VM metrics

VM metrics provide unique insights about the Virtual Machines (VMs) resources that are created as part of the PlayFab VM Builds when you're using PlayFab Multiplayer Servers to create multiplayer game servers. This feature provides you access to the virtual machine's system level metrics such as CPU, RAM, and more. With these metrics, you can make informed decision about maximizing your utilization of the VM resources.

Performance metrics can support various development scenarios.
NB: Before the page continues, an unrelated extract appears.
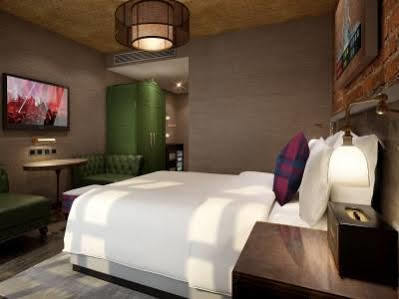 Virgin - Shoreditch Hotel 5*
  1. Use CPU and memory utilization data to measure the resource needs of multiplayer servers, so you can properly calculate the optimal number of game servers on a specific Virtual Machine SKU (type)
  2. Use network counters to detect an irregular network environment, such as attempted DDoS attacks or other network congestion

PlayFab Multiplayer Servers service supports a limited number of system metrics via the VM Metrics feature.

Usage

VM metrics for a Build can be enabled in two ways, depending on how a Build is created:

  1. Using Game Manager, you can enable the "Virtual machine metrics" checkbox on the "New Build" Game Manager page.
  2. Using the PlayFab Multiplayer Servers API, you can set the property IsEnabled to TRUE in the following API objects.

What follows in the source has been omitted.